What is needed
Taking the data below, please print only the lines from the line holding "Hey guys, today" to the line holding "Let's see what", inclusive, with pictures omitted.

Input data

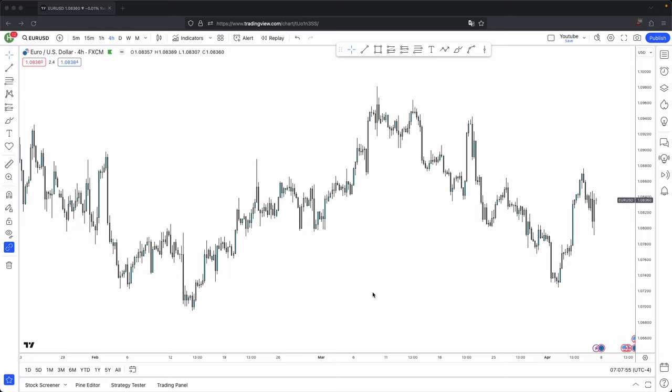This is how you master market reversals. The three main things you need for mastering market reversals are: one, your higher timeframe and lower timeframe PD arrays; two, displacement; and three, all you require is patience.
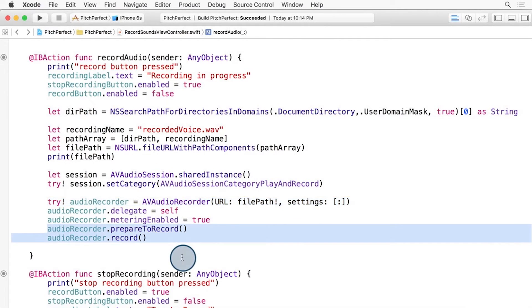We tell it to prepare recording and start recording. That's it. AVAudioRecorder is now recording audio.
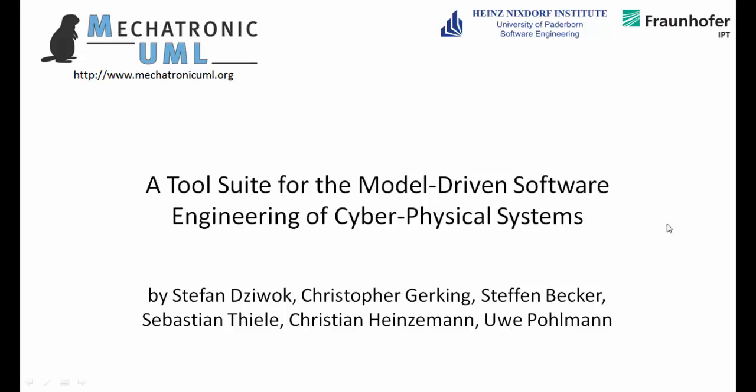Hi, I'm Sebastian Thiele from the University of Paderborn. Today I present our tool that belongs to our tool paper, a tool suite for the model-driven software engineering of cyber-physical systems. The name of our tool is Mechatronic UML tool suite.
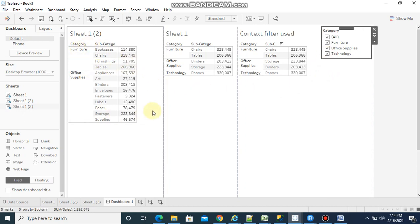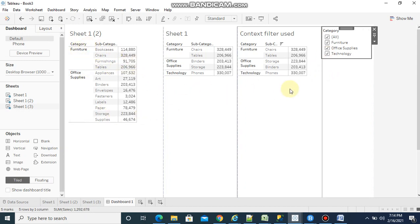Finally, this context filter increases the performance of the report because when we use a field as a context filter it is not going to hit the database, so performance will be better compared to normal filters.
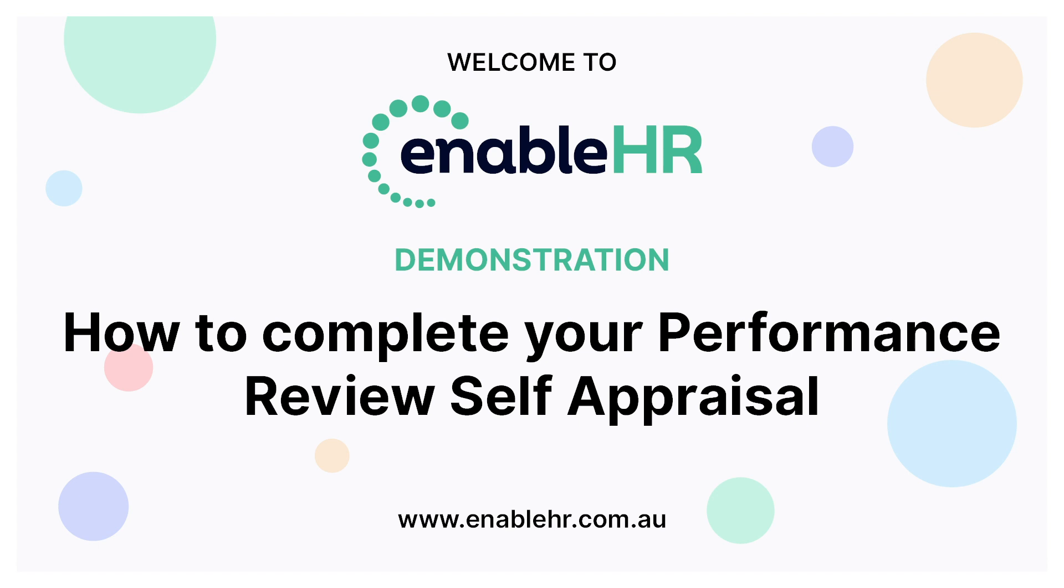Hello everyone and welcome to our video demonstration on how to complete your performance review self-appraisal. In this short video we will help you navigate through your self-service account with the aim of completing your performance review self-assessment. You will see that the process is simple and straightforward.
---
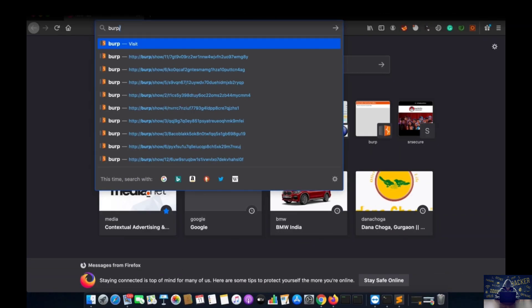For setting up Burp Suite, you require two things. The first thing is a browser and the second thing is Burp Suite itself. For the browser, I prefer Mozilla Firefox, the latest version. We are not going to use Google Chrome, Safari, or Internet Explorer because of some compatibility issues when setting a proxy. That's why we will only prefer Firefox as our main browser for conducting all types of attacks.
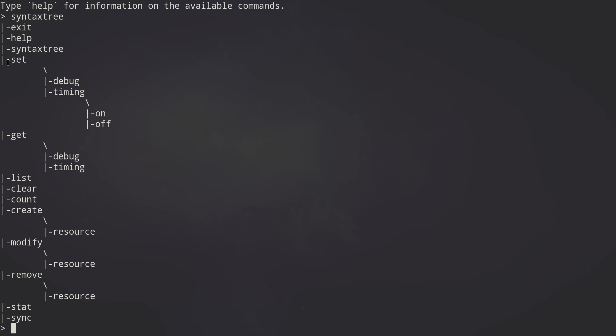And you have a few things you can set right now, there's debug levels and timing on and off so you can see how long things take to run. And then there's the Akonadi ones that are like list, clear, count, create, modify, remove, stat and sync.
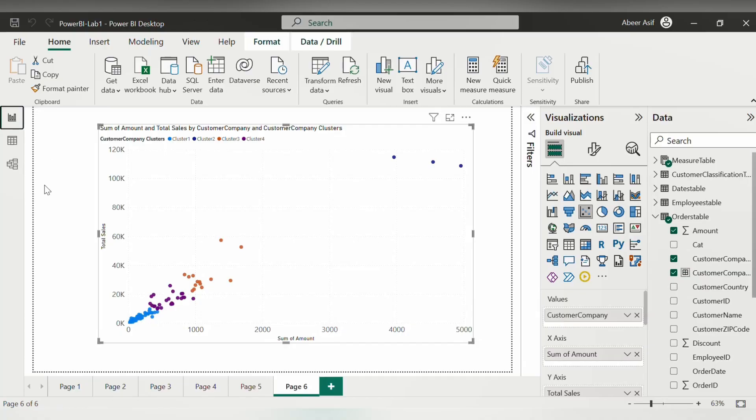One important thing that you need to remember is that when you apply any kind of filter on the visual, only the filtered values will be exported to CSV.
...
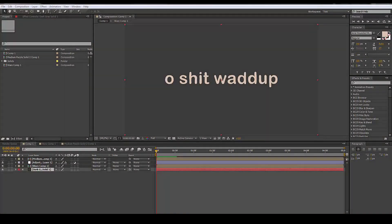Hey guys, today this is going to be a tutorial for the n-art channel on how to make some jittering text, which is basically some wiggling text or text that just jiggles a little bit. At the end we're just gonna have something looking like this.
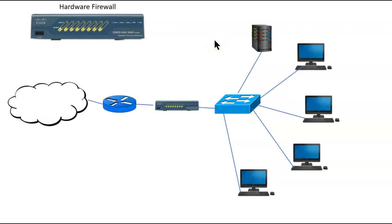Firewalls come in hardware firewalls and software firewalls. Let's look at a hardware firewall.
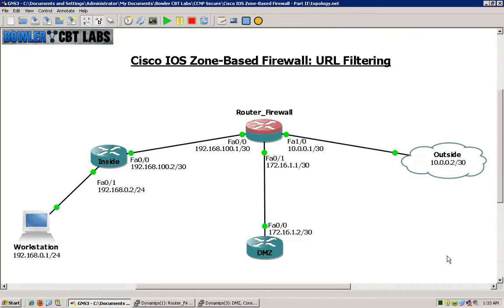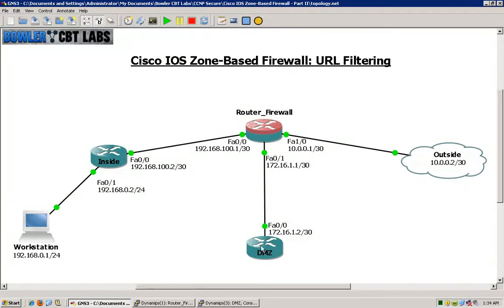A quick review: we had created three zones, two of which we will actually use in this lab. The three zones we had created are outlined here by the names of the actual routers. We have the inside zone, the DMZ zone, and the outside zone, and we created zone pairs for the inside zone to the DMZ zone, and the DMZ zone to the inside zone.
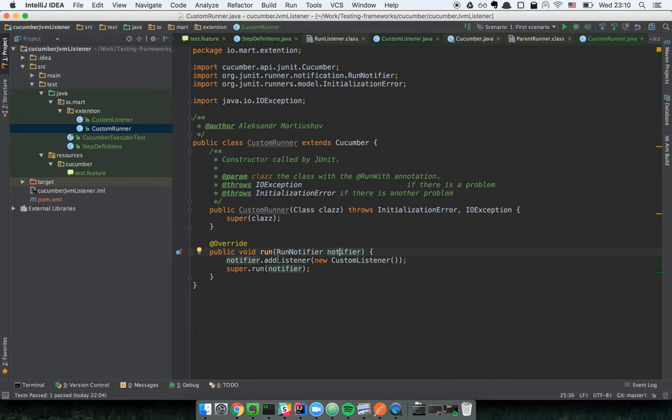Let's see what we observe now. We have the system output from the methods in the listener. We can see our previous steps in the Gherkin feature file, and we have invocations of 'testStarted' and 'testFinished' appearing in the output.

Written solution
Hey guys, today this is going to be a tutorial for the n-art channel on how to make some jittering text, which is basically some wiggling text or text that just jiggles a little bit. At the end we're just gonna have something looking like this.
Firewalls come in hardware firewalls and software firewalls. Let's look at a hardware firewall.
A quick review: we had created three zones, two of which we will actually use in this lab. The three zones we had created are outlined here by the names of the actual routers. We have the inside zone, the DMZ zone, and the outside zone, and we created zone pairs for the inside zone to the DMZ zone, and the DMZ zone to the inside zone.
Let's see what we observe now. We have the system output from the methods in the listener. We can see our previous steps in the Gherkin feature file, and we have invocations of 'testStarted' and 'testFinished' appearing in the output.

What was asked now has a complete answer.